Polens Rechtspopulisten stehen vor komplizierter Fraktionssuche in Europa
Die rechtspopulistische polnische Partei Konfederacja wird voraussichtlich erstmals Abgeordnete im Europäischen Parlament stellen. Die Frage ihrer Fraktionszugehörigkeit könnte auch für die derzeit wieder fraktionslose AfD relevant werden.
Die rechtspopulistische polnische Partei Konfederacja wird voraussichtlich erstmals Abgeordnete im Europäischen Parlament stellen. Die Frage ihrer Fraktionszugehörigkeit könnte auch für die derzeit wieder fraktionslose AfD relevant werden.
Die Konfederacja wurde vor den letzten Europawahlen 2019 als Bündnis mehrerer rechtsgerichteter und libertärer Bewegungen gegründet. Sie scheiterte damals jedoch an der 5 Prozent-Hürde und erhielt kein Mandat.

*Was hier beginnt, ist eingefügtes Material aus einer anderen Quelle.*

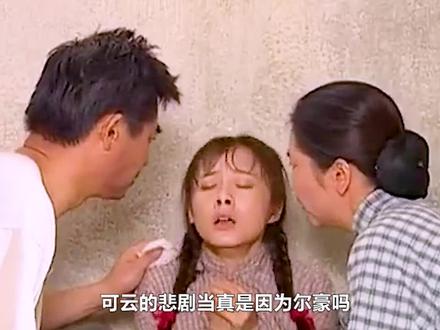可云的悲剧当真是因为尔豪?你看李副官都做了啥!真相很心酸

Seitdem ist es der rechten Patchwork-Partei gelungen, eine starke Position in der polnischen Politik einzunehmen. Bei den Parlamentswahlen 2023 erreichte sie mit 7 Prozent der Stimmen den fünften Platz und wird nach den jüngsten Umfragen von Europe Elects sechs Sitze im neuen EU-Parlament erhalten.
Sollte das Wahlergebnis die jüngsten Umfragen bestätigen, muss die Partei entscheiden, welcher Fraktion sie sich im Europäischen Parlament anschließen will.
Eine Zusammenarbeit mit der Europäischen Volkspartei (EVP) von EU-Kommissionspräsidentin Ursula von der Leyen ist ausgeschlossen.
Dies gilt insbesondere nach der jüngsten Debatte zwischen den politischen Familien in der EU am 23. Mai, als von der Leyen erklärte, sie werde nicht mit der Konfederacja zusammenarbeiten, die sie als „Freunde Putins, die Europa zerstören wollen“ bezeichnete.
„Nur jemand, der den Bezug zur Realität verloren hat, kann glauben, dass wir jemals eine Zusammenarbeit mit dieser deutschen Politikerin in Betracht ziehen könnten“, entgegnete der Co-Vorsitzende der Konfederacja, der stellvertretende Parlamentspräsident Krzysztof Bosak, letzte Woche auf einer Pressekonferenz.
Er nannte von der Leyen „ein Symbol für genau das, was wir beenden wollen: unbegründete Regeln, die den Interessen der Bürger zuwiderlaufen, die die europäische Wirtschaft untergraben, die die polnische Landwirtschaft zerstören […]“.
Eine neue EU-Fraktion?
Die Fraktion Identität und Demokratie (ID) hingegen stehe wirtschaftlich zu weit links für die Konfederacja, meint Przemysław Witkowski, ein Forscher über politischen Extremismus an der Universität Collegium Civitas in Warschau.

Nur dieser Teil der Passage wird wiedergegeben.